[Excerpts from a dataset]
────────────────────

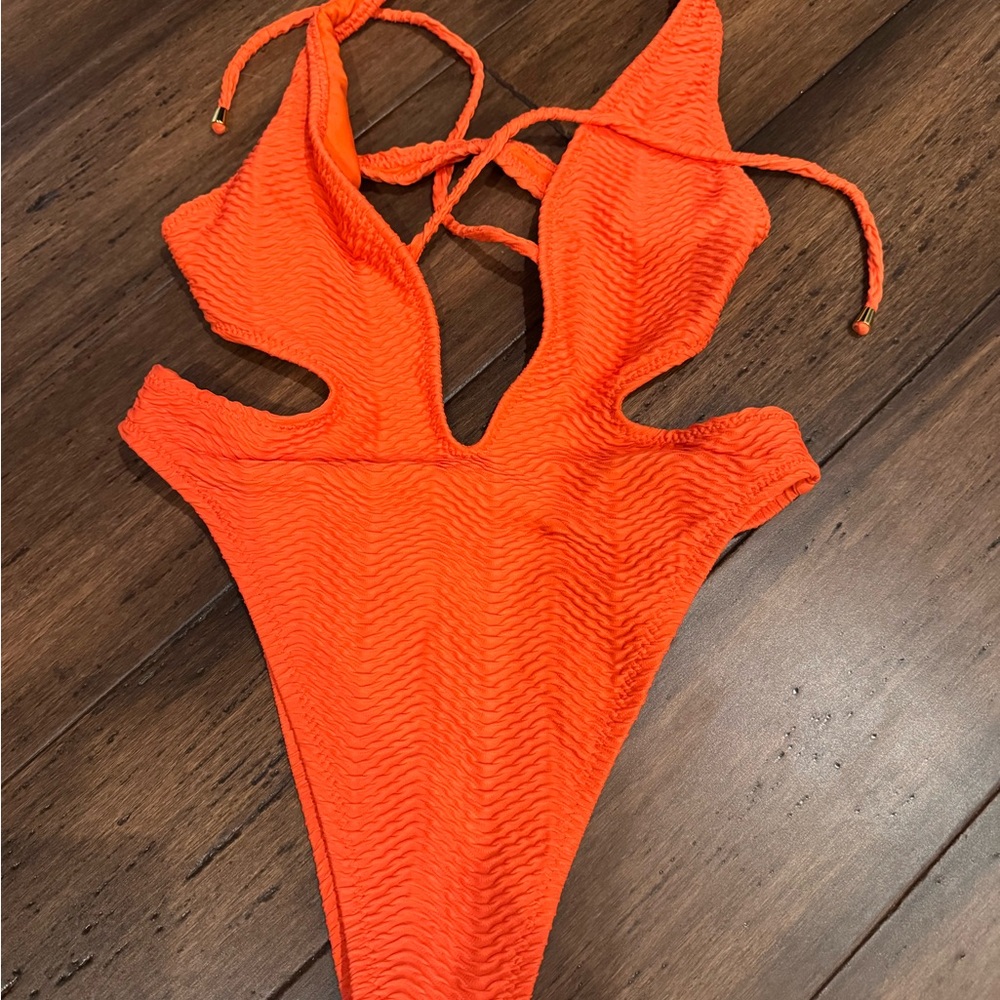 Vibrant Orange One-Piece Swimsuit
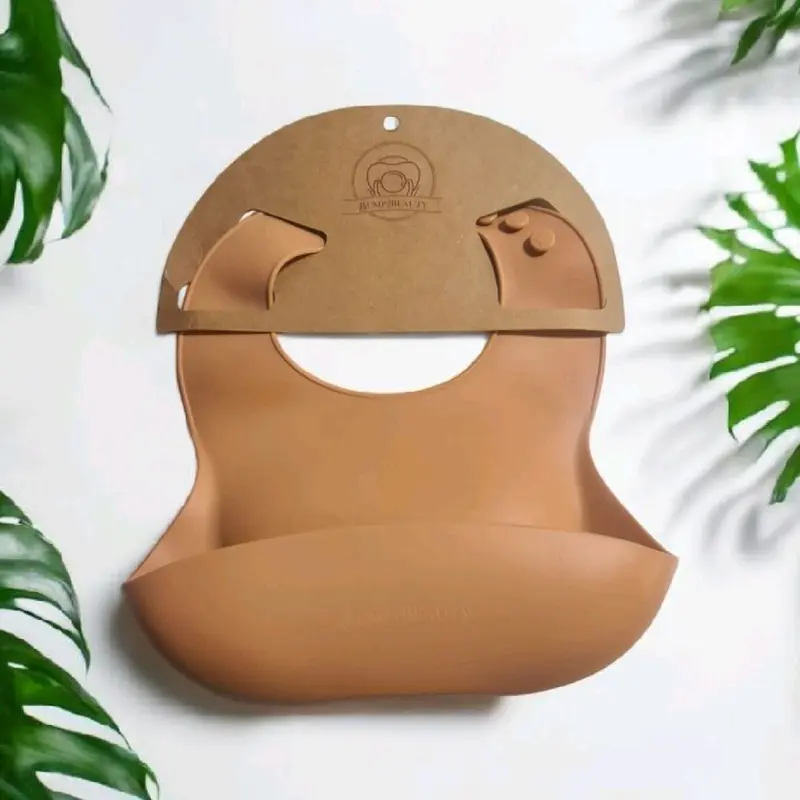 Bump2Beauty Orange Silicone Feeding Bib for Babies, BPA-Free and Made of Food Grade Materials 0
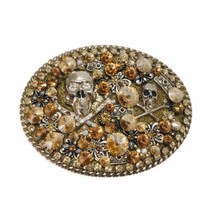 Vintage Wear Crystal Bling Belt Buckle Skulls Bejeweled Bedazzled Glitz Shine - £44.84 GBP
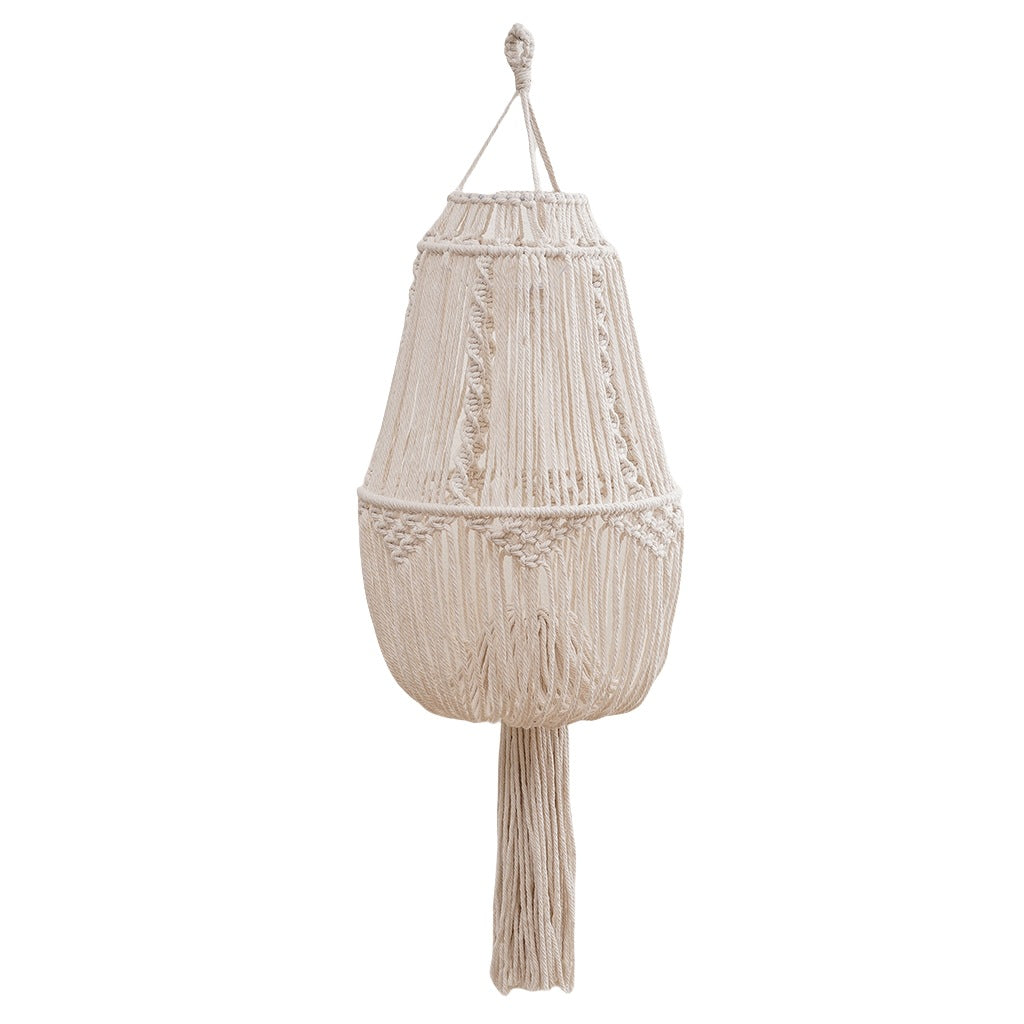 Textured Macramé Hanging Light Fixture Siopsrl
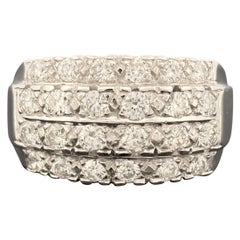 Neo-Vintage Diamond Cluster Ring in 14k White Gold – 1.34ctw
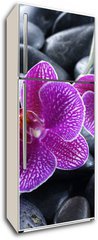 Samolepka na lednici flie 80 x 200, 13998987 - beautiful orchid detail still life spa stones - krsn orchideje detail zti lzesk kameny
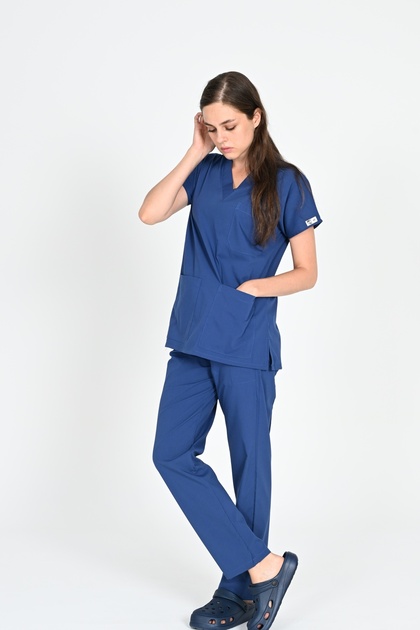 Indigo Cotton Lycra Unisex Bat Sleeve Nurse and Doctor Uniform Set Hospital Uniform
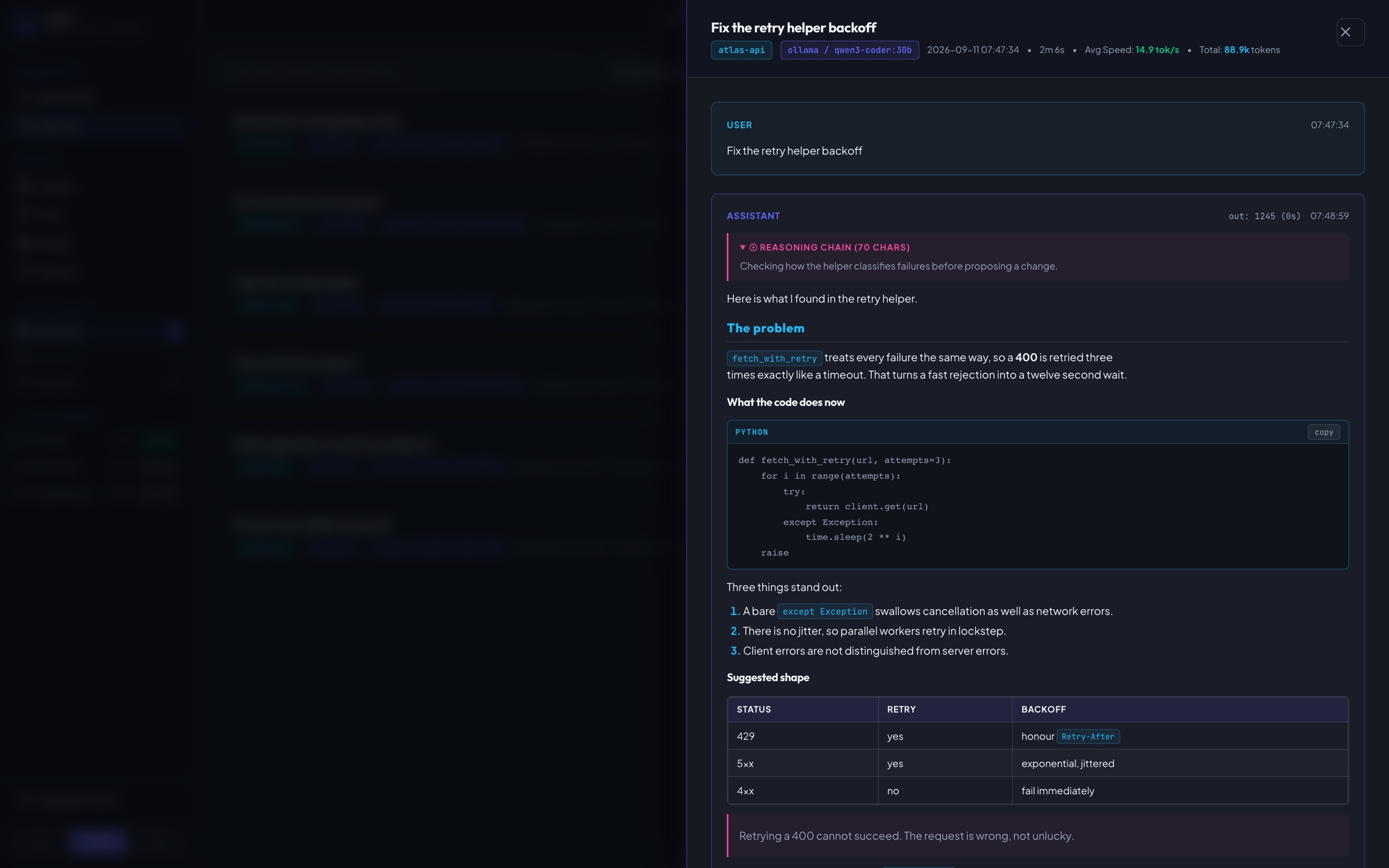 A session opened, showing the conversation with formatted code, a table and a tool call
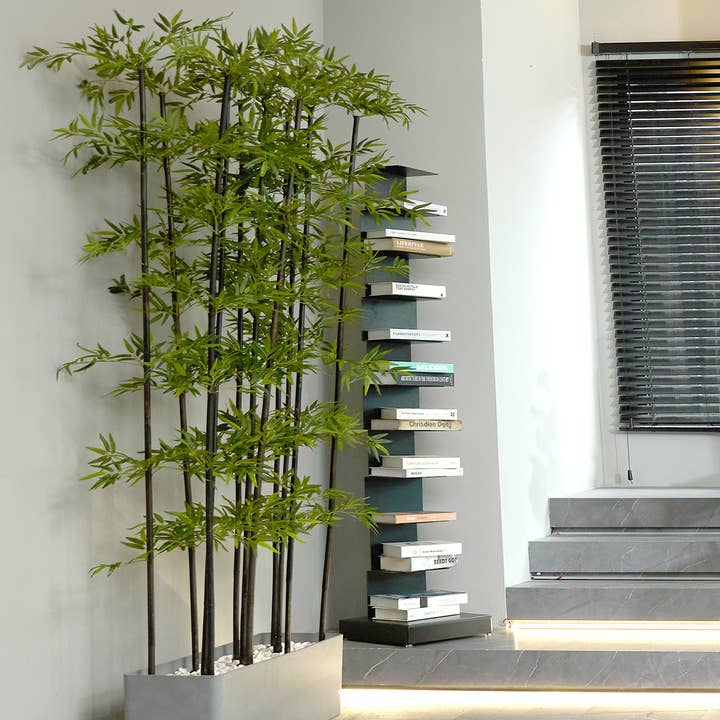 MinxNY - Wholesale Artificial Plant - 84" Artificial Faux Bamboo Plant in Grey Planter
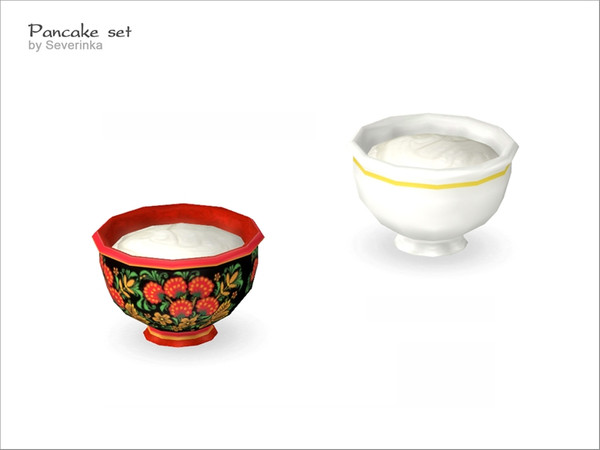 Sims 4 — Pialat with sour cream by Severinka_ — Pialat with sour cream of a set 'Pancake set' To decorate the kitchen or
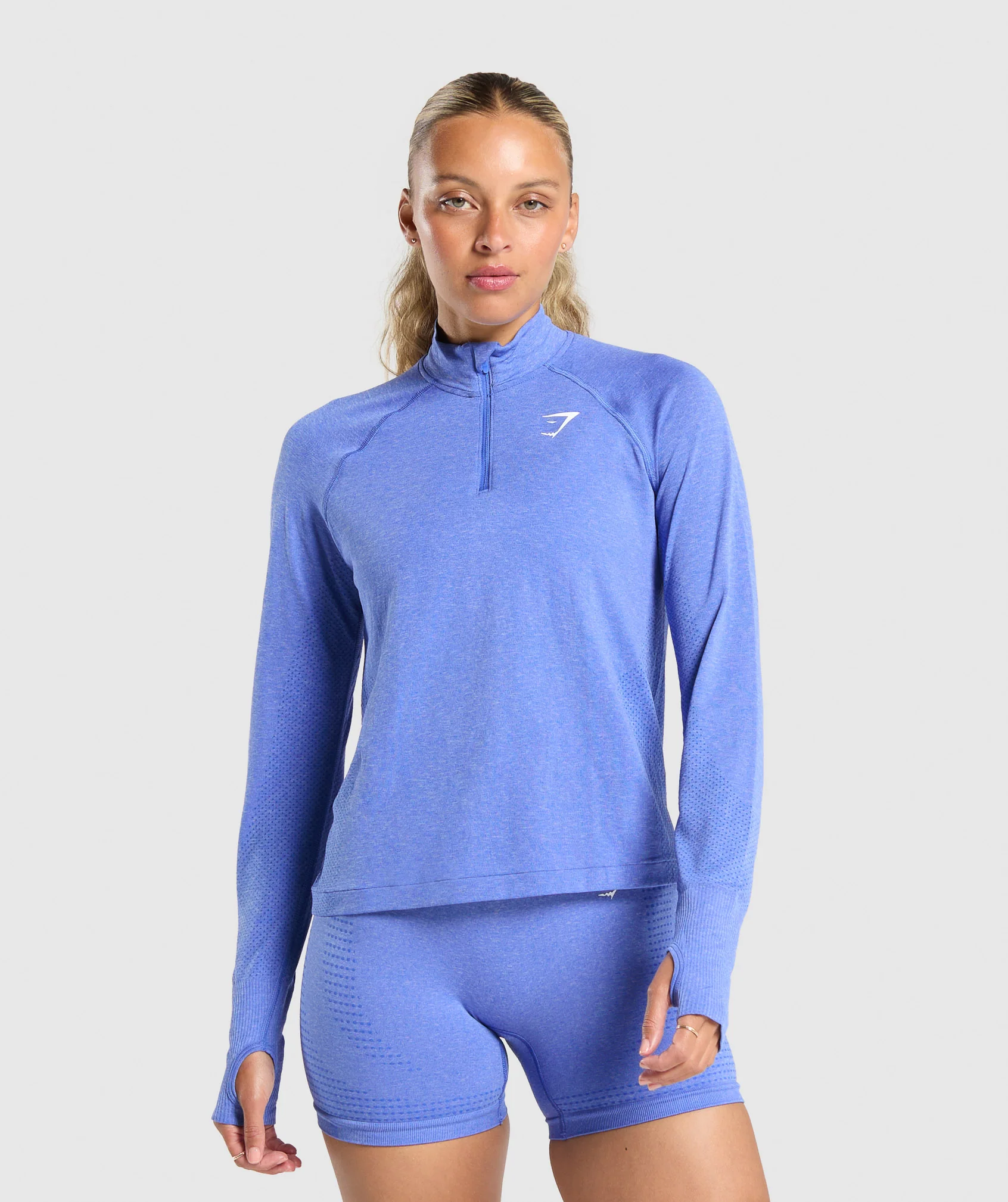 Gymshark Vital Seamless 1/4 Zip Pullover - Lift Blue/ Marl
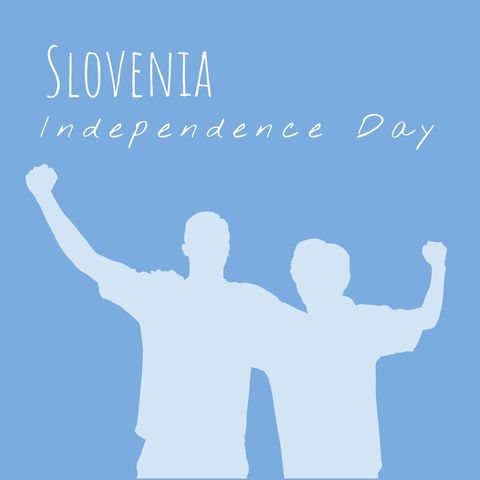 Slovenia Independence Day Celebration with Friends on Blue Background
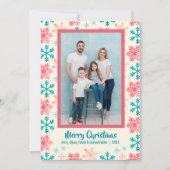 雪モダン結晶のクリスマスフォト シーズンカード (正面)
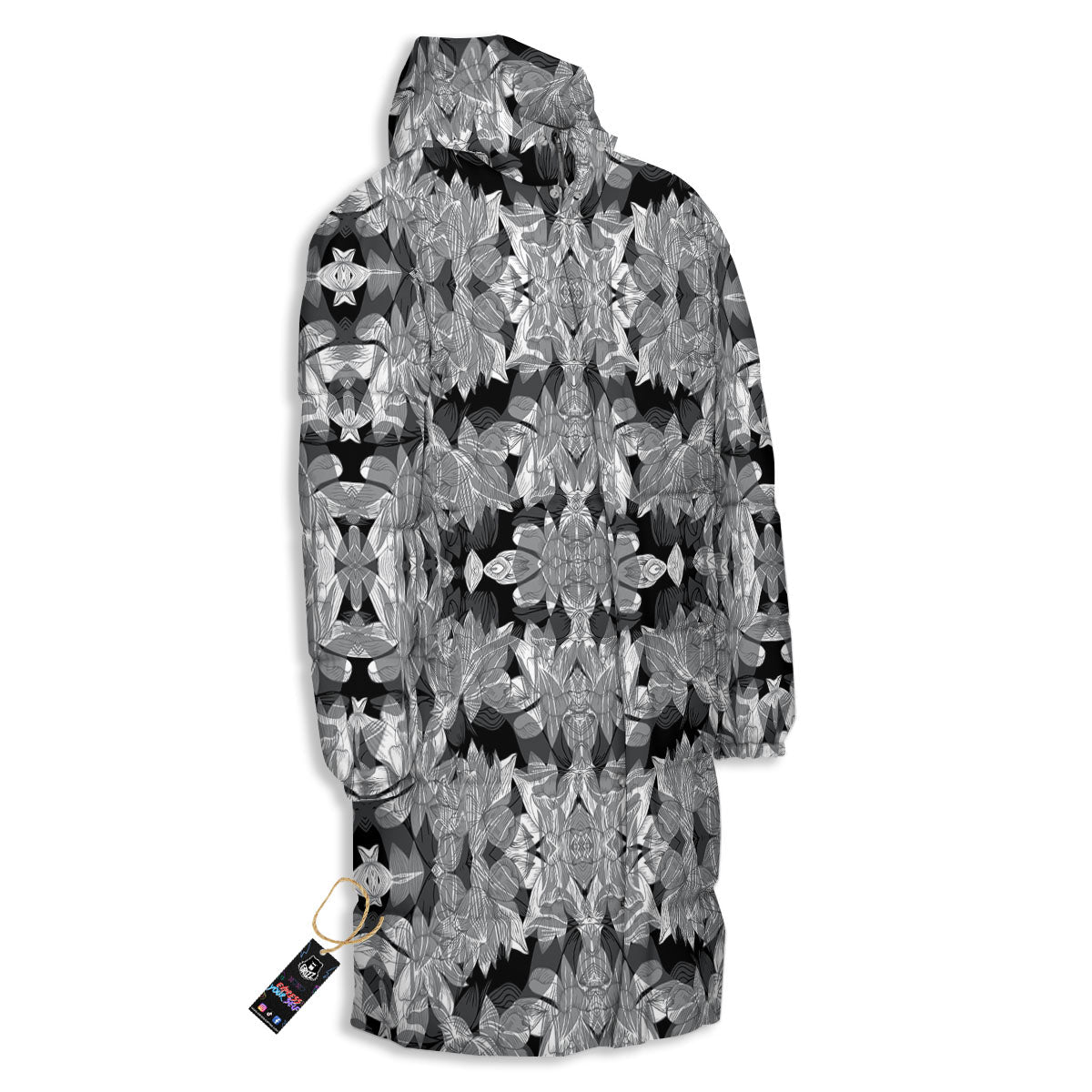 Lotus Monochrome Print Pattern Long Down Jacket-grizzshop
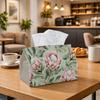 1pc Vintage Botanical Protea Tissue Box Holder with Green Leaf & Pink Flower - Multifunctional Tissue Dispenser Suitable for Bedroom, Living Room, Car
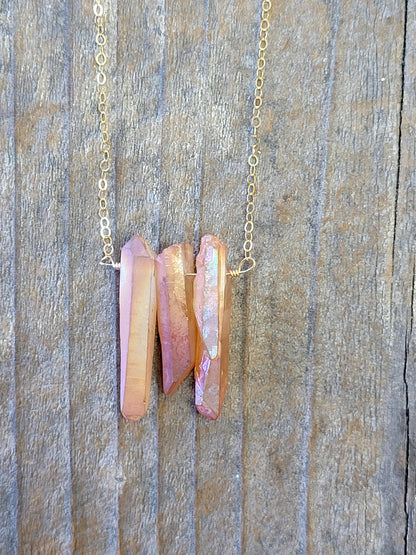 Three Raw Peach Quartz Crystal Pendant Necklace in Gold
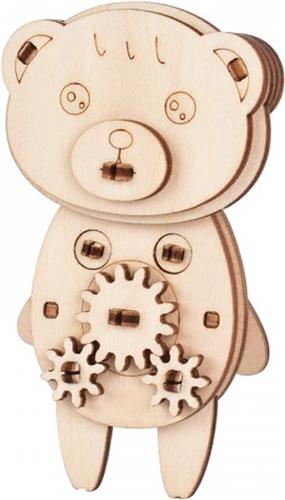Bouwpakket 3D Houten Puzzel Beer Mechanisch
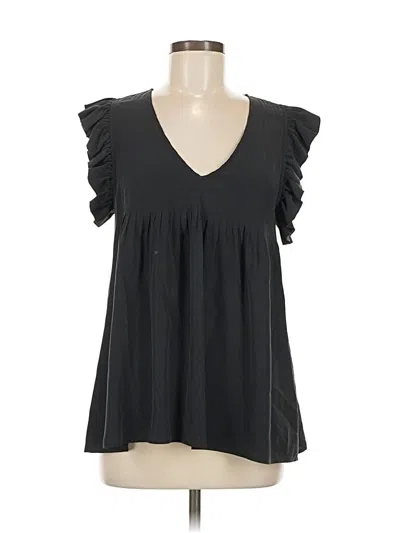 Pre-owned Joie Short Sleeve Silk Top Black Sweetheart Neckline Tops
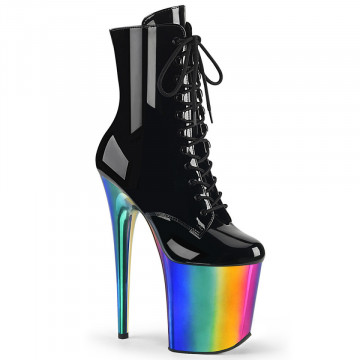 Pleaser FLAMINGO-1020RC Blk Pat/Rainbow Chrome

────────────────────

Find the line with "Neo-Vintage Diamond Cluster" and the line with "A session opened, showing" in the records above. Copy both and all lines between them exactly, without pictures.

_Response box_:
 Neo-Vintage Diamond Cluster Ring in 14k White Gold – 1.34ctw
 Samolepka na lednici flie 80 x 200, 13998987 - beautiful orchid detail still life spa stones - krsn orchideje detail zti lzesk kameny
 Indigo Cotton Lycra Unisex Bat Sleeve Nurse and Doctor Uniform Set Hospital Uniform
 A session opened, showing the conversation with formatted code, a table and a tool call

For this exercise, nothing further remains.